I could spend a ton of time going over the stuff you already know. If you’re a Halo devotee, then you know what to expect. It’s just… better looking. The detail of the maps, while maybe not as graphically intense as many of the games we’re used to these days, is so good, it’s almost distracting as you move through them as if with new eyes. Yes, many of the flat surfaces are covered with new details are simply shrink-wrapped with that detail, but with no physical depth of texture, but they are still nice to look at. I almost didn’t want to shoot. I wanted to take a stroll and explore. It was like going home, only to find your old hometown got a makeover with shiny new lampposts and sexy new sidewalks (if sidewalks can at all be sexy).

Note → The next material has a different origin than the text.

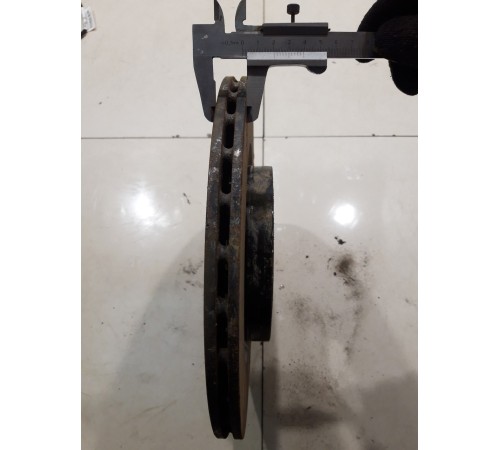 Тормозной диск (задний, правый)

As for gameplay, they made a conscious decision to keep the same movement and weight to the characters and foes when they made the upgrade. However, with it comes some of the bugginess, some frame-rate issues, of the old days. Again, what we get is a really sexy wrapper that 343 has put on Bungie‘s classic game; it’s not a rebuild from the ground up. It’s the original core game. To prove it, they give you the ability to jump back to the original game’s look with the push of a button, mid-game. Instant gaming time travel. Nice. But you’ll also notice that the sound effects and music that get a considerable upgrade, warranting the use of a surround sound system or at least some kickass headphones so you don’t annoy the neighbors at 3am with your all-night gaming binges.

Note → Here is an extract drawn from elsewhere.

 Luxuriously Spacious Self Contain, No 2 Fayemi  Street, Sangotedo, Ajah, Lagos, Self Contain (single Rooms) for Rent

Among the upgrades you’ll find:
- 6 classic maps remade with lush new details and a brand new Firefight map, developed in collaboration with Certain Affinity.
- All-new backstories that foreshadow mysteries from Halo 4.

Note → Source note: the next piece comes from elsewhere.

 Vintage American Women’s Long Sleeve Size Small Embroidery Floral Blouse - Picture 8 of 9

- Immersive Stereoscopic 3D gaming for those of you with 3D TVs.
- Integration with Kinect lets gamers reload weapons and throw grenades using only their voices.
- “Analyze Mode” lets gamers explore the world of Halo in amazing detail by allowing them to scan items and add them to the Library.
- Unlock up to 1000 Achievement points within the campaign and battling online.
But the big question remains… Is Halo: Combat Evolved Anniversary worthwhile buying AGAIN if you already owned the game 10 years ago?
The short answer is yes, especially if you grew up with and love the original Halo, even if you spent years of your life in front of your Xbox. However, if you’re looking for something on par graphically and gameplay-wise with the most recent Halo games and you’re not interested in retreading old ground, no matter how pretty it looks or sounds, then you might find yourself a little frustrated. I can’t imagine who those people might be, but I’m sure there are some out there.
At its core, no matter how you dress it up or strip it down, there’s a reason why Halo spawned (and respawned) so many imitators: it’s a helluva lotta fun to play again and again… even 10 years later. No amount of graphical upgrades can change that.